Exercise material:
*** Block opens ***

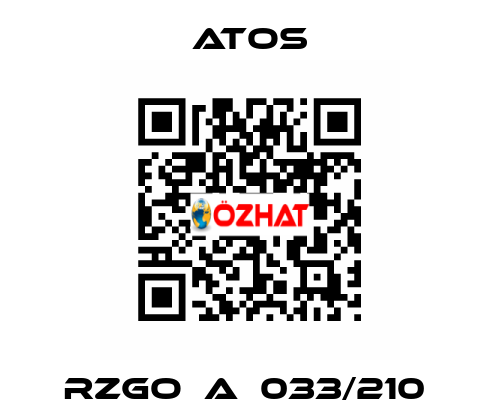 RZGO‐A‐033/210  Atos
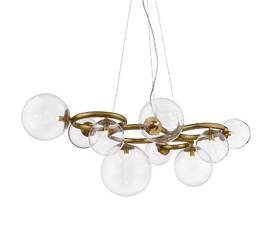 Подвесная люстра DeLight Collection Puppet P68092-9 brass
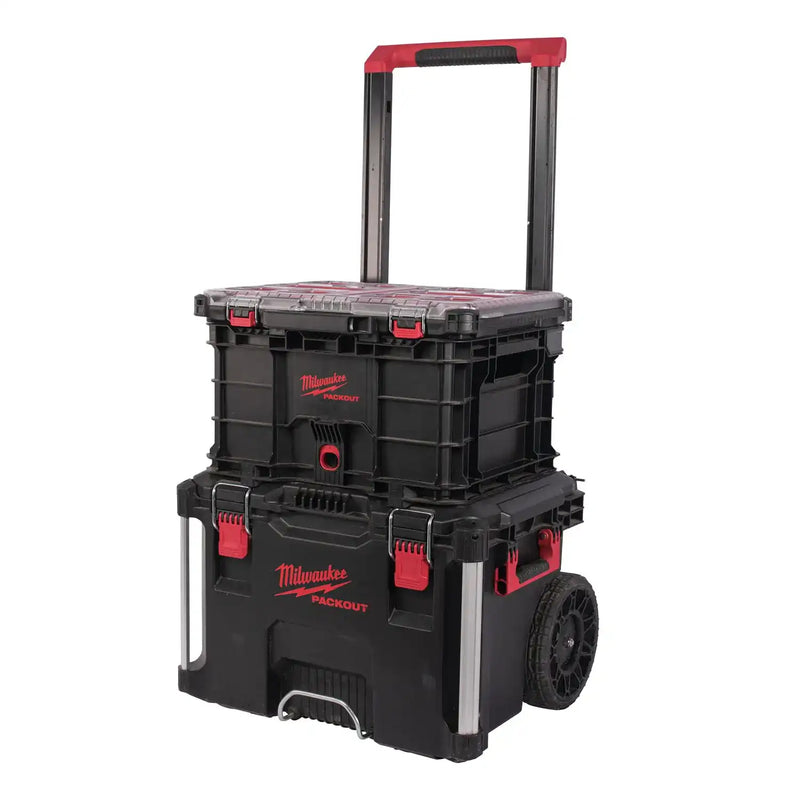 Milwaukee 3pce Packout Crate & Trolley Storage Set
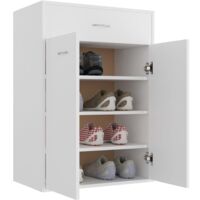 vidaXL Shoe Cabinet White 60x35x84 cm Chipboard - White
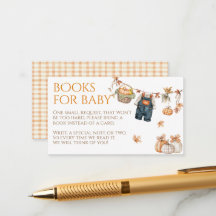 Little Pumpkin Rustic Baby Shower Book Request
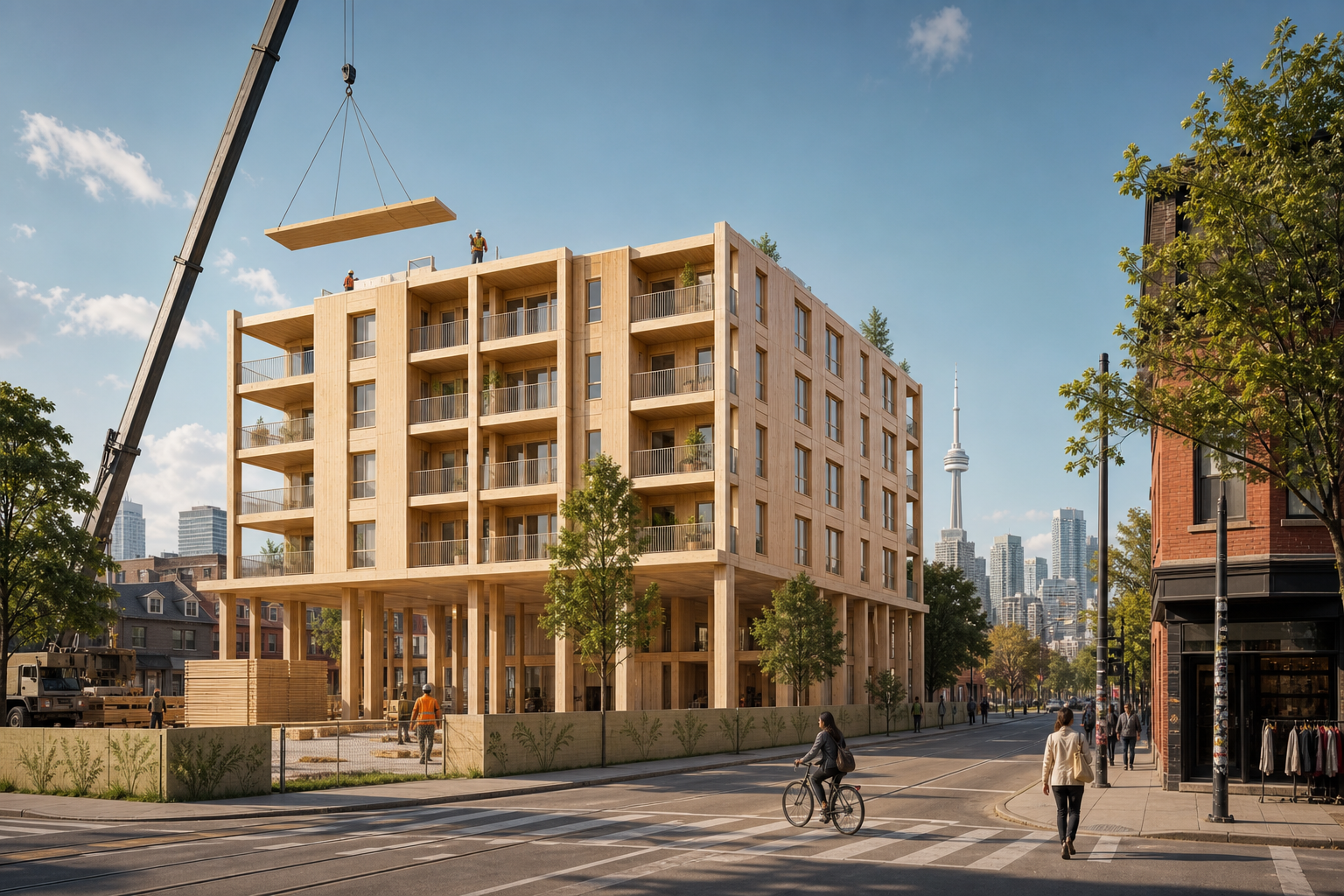 Toronto Breaks Ground on 74-Unit Mass-Timber Rental at Dundas and Ossington, At Least 17 Affordable post image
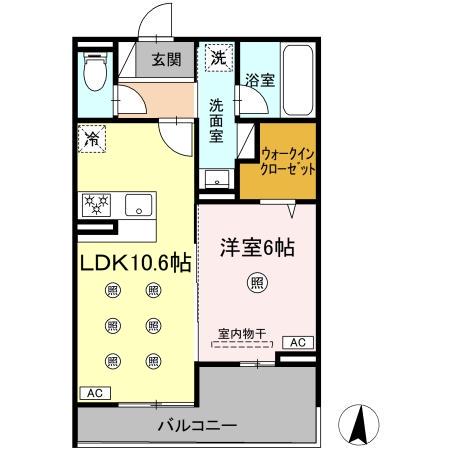 M&S RESIDENCE LIEN(1LDK/3階)の間取り写真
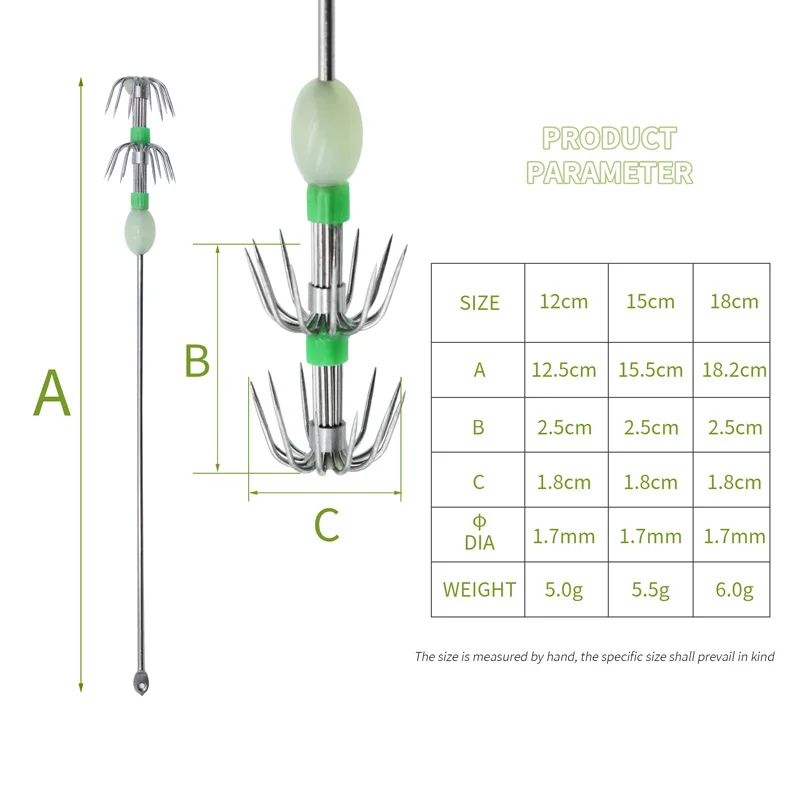 Umbrella Hooks Squid - Fishhooks - AliExpress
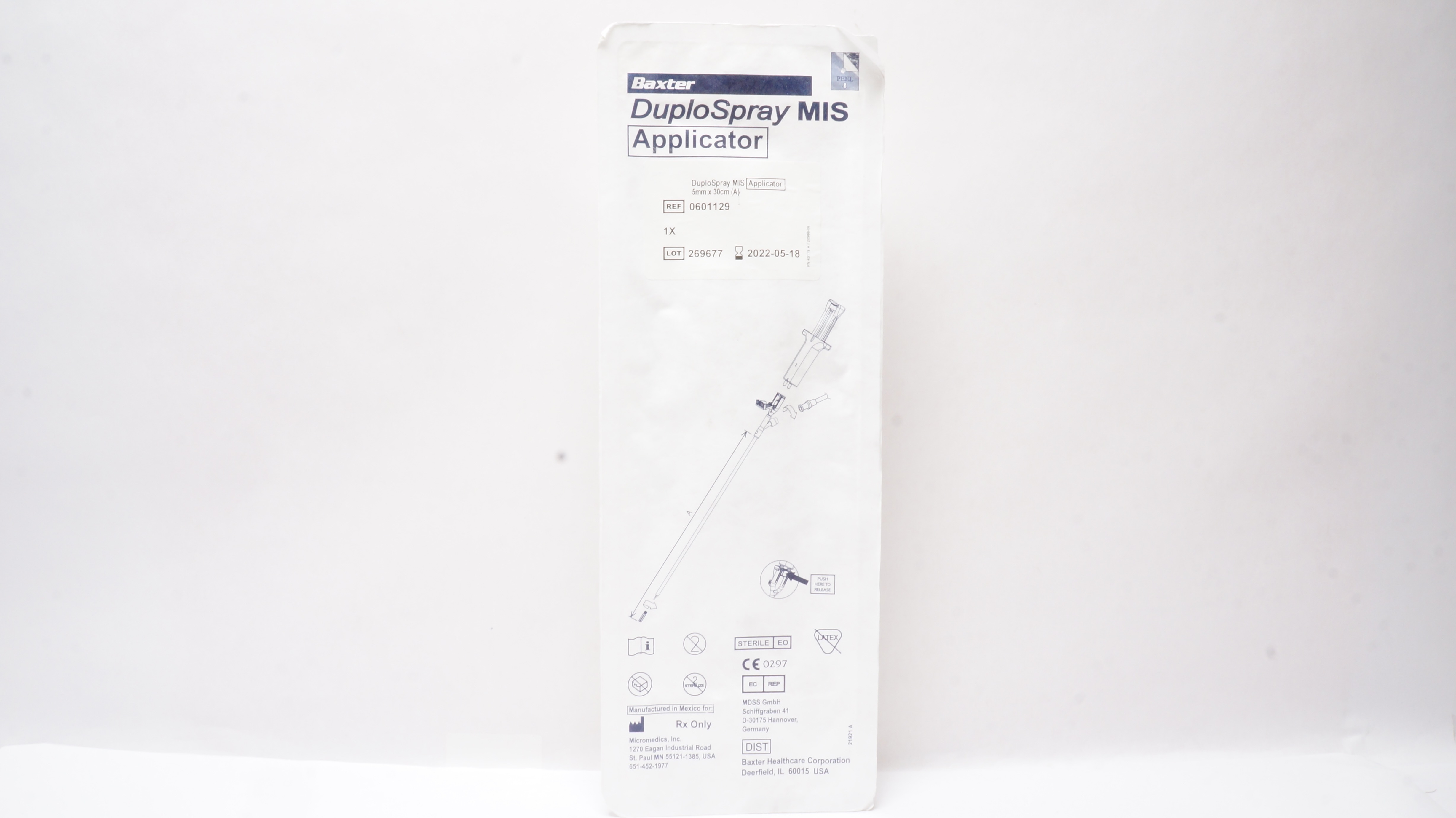 Baxter 0601129 DuploSpray MIS Applicator 5 mm x 30 cm (x)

*** Block closes ***

Work to be completed:
Where a picture appears in the data, omit it; restate the rest word for word.

Solution:
 RZGO‐A‐033/210  Atos
 Подвесная люстра DeLight Collection Puppet P68092-9 brass
 Milwaukee 3pce Packout Crate & Trolley Storage Set
 vidaXL Shoe Cabinet White 60x35x84 cm Chipboard - White
 Little Pumpkin Rustic Baby Shower Book Request
 Toronto Breaks Ground on 74-Unit Mass-Timber Rental at Dundas and Ossington, At Least 17 Affordable post image
 M&S RESIDENCE LIEN(1LDK/3階)の間取り写真
 Umbrella Hooks Squid - Fishhooks - AliExpress
 Baxter 0601129 DuploSpray MIS Applicator 5 mm x 30 cm (x)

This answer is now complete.